Better support for ARM and other architectures #11

jk-jeon · 2021-01-08T19:51:08Z

Thanks to Tim Kientzle (@tbkka), it turned out that the current code is not working correctly with ARM processors. I believe this is due to errors in fallback implementations of intrinsics. Also the current #define switches are not able to correctly detect availabilities of intrinsics for ARM processors, resulting in suboptimal code generation.

See: swiftlang/swift#35299.

The text was updated successfully, but these errors were encountered:

jk-jeon · 2021-01-08T20:04:37Z

Just fixed an error that I found.
@tbkka, Could you test it with your test suite?

tbkka · 2021-01-08T20:21:14Z

That addresses the cases where too few digits were being generated. I'm still seeing unexpected trailing zeros, though.

jk-jeon · 2021-01-08T21:12:44Z

Could you give me some specific examples so that I can test on my machine?

tbkka · 2021-01-08T21:33:43Z

Here are a few binary32 values that give me unexpected trailing zeros on ARM32 but give the expected result on x86_64:

  Actual: 2.0E-43  Expected: 2E-43  Input: 0x1.1ep-142
  Actual: 1.0097420E-28  Expected: 1.009742E-28  Input: 0x1p-93
  Actual: 6.710890E7  Expected: 6.71089E7  Input: 0x1.000008p+26

jk-jeon · 2021-01-08T22:44:49Z

Okay, I think I fixed it now.

By the way, do you know of a way to more correctly deciding availability of intrinsics like __builtin_ctz that also works for ARM?
Currently I'm just doing something like

#if (defined(__GNUC__) || defined(__clang__)) && defined(__x86_64__)
...
#endif

or

#if (defined(__GNUC__) || defined(__clang__)) && defined(__SIZEOF_INT128__) && defined(__x86_64__)
...
#endif

jk-jeon · 2021-04-26T22:13:35Z

@expnkx Did make that change in 4032d67, thanks.

I still think we can further improve the coverage by taking care of ARM32, so I'll leave this open.

malachib · 2024-02-15T03:57:52Z

Would 8-bit / AVR compatibility make any sense for this algorithm?

jk-jeon · 2024-02-15T18:34:20Z

@malachib Admittedly that's something that has never been in my consideration so far. But, I'd say, why not?

First of all, the code as-is is supposed to be portable as long as things like std::uint64_t are supported by the toolchain, either with direct hardware support or software emulation. Do toolchains you have in mind support fixed-sized int's up to 64-bit? How about std::uint_least64_t and friends?

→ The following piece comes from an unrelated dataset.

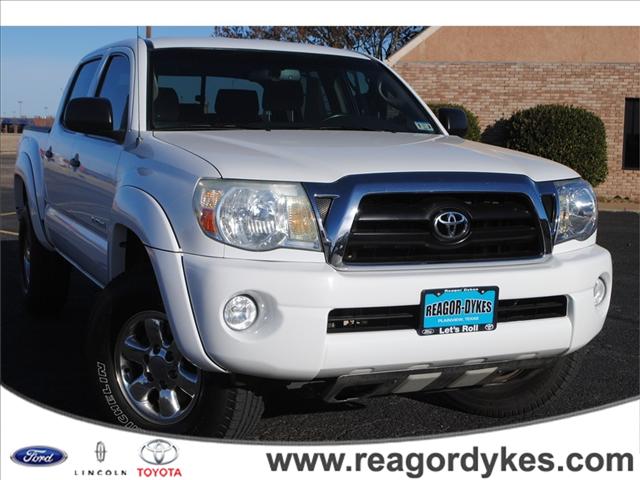 Toyota Tacoma Base Pickup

However, the code currently just assumes that float is IEEE-754 binary32 and double is IEEE-754 binary64. If that's not the case and if you try to use the mismatched one, the compilation will fail. (Actually, there is a possibility that it compiles and silently does nonsensical things in runtime, but I think that's unlikely.)

I did a bit of googling and it seems that floating-point support in 8-bit AVR toolchains is sort of irregular, is that right? Like, some toolchains use binary32 for both float and double, and some others use some variations of IEEE-754 instead, etc..

I've been keeping in mind that the library eventually needs to support some exotic float/double and even other user-provided float-like types, but I first need to know what exactly are the target formats that need to be supported. Can you give me some information about this?

Also, will the resulting code really be appropriate for specific platforms in your mind regarding performance/binary size is another question that I have no idea how to answer. But I'd want to see how it goes.

Thanks for the interest!

malachib · 2024-02-15T20:28:48Z

@jk-jeon a very thoughtful response, thank you!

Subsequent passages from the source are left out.